Происходящее в раю ничуть не смутило Саманту — он еще на гражданке знал, что представления об аде и рае у богословов и фанатов не имеют ничего общего с реальностью, если эти метафизические явления вообще существуют. А в армии рай и ад могут быть какими угодно, лишь бы по уставу. Судя по пирогам, летящим в хиппи, и довольным ухмылкам солдат, этот рай был полностью одобрен ВМС США.

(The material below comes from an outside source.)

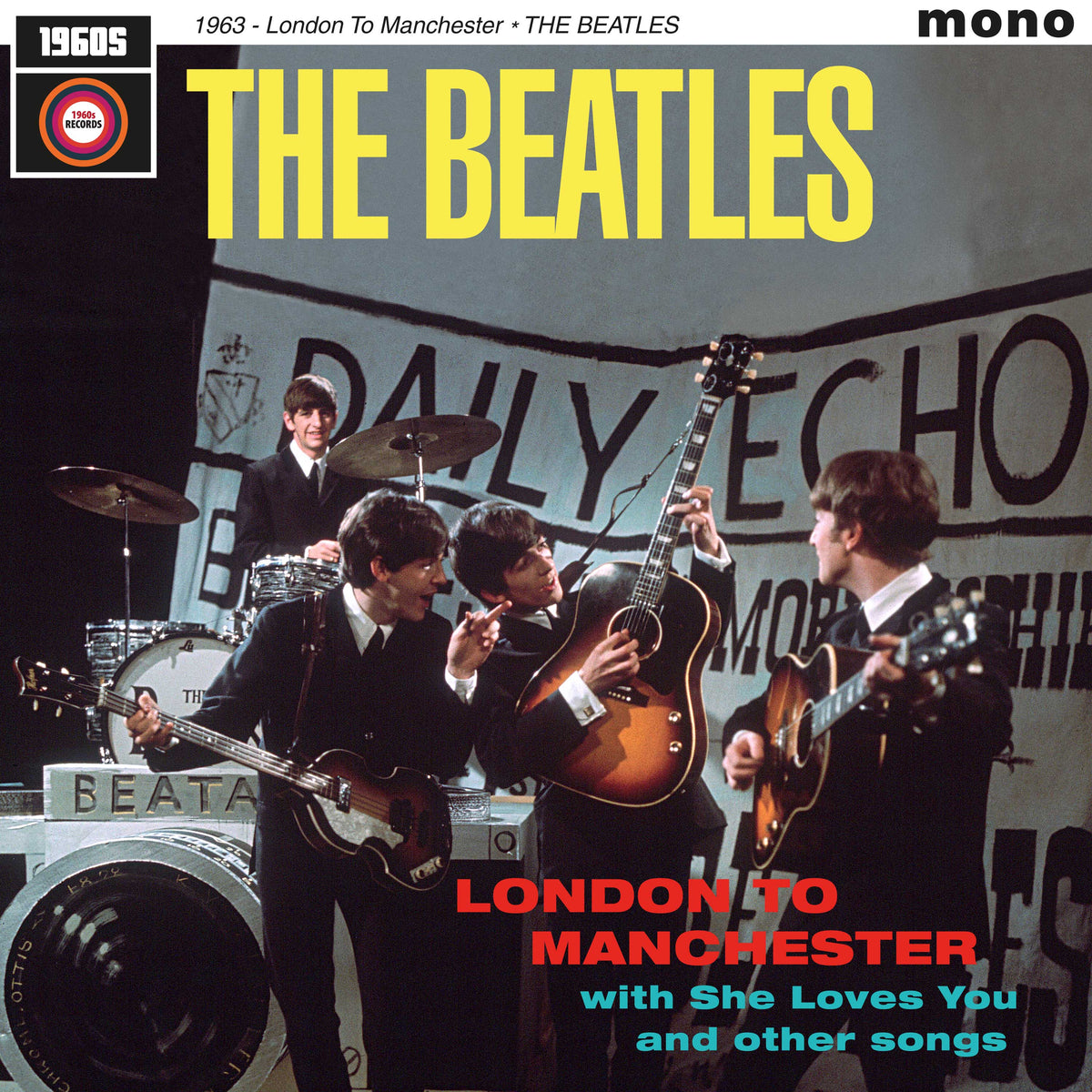 The Beatles - 1963: London To Manchester – Horizons Music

В какой-то момент Сэм отвлекся на орущего хиппаря, а в следующий — понял, что толпа ждет именно его реакции. И в его руке уже был пирог, сунутый заботливыми товарищами, возможно даже самим генералом Вашингтоном.
— Знаешь, приятель, для хиппи в тебе слишком много гомофобии, — Сэм почувствовал, что тот, кто управляет им, тот воинственный, злой и опасный, будто чуть подвинулся, давая ему возможность говорить. И в то же время Сэм чувствовал, что то, что он говорит, нравится его темному напарнику. — Ты говоришь "пидарасы" так, будто это какое-то ругательство. Так нельзя, ай-ай-ай, — он картинно погрозил притихшему хиппарю пальчиком, а затем взвесил в руке пирог, будто бы прицеливаясь. Но вместо броска он поднес его к лицу и смачно откусил. Пирог оказался с черникой, с хрустящей сахарной корочкой, и был вкусным как сама жизнь. С трудом прожевав и чуть не захлебнувшись слюной, Сэм продолжил, напустив на лицо добрую улыбку старшего брата, который объясняет младшему, что к чему в сексе:
— И да, знаешь, ты прав, приятель. Мы принесли во Въетнам смерть. Очень много смерти на штыках наших винтовок, на гусеницах наших танков, на озерах напалма, выливаемых нашими бомбардировщиками на джунгли. Кто-то скажет тебе, что это делается во имя свободы и демократии, и будет чертовски прав. Но я тебе скажу еще одну правду. Каждый, — он обвел толпу широким жестом, чувствуя, как объединяется с ней в своих мыслях, стремлениях и порывах, — каждый сукин сын, кто заслужил себе место в этом раю... он просто любит убивать.
Добрая улыбка на лице Саманты превратилась в злобный оскал. Он размахнулся надкушенным пирогом и запустил его в хиппи с такой силой, что — он был уверен — голова этого пацифистского мудака взорвется как гнилой орех, смешивая мозги с черничной начинкой. Этим броском будет доволен и генерал Вашингтон, и сам дядя Сэм.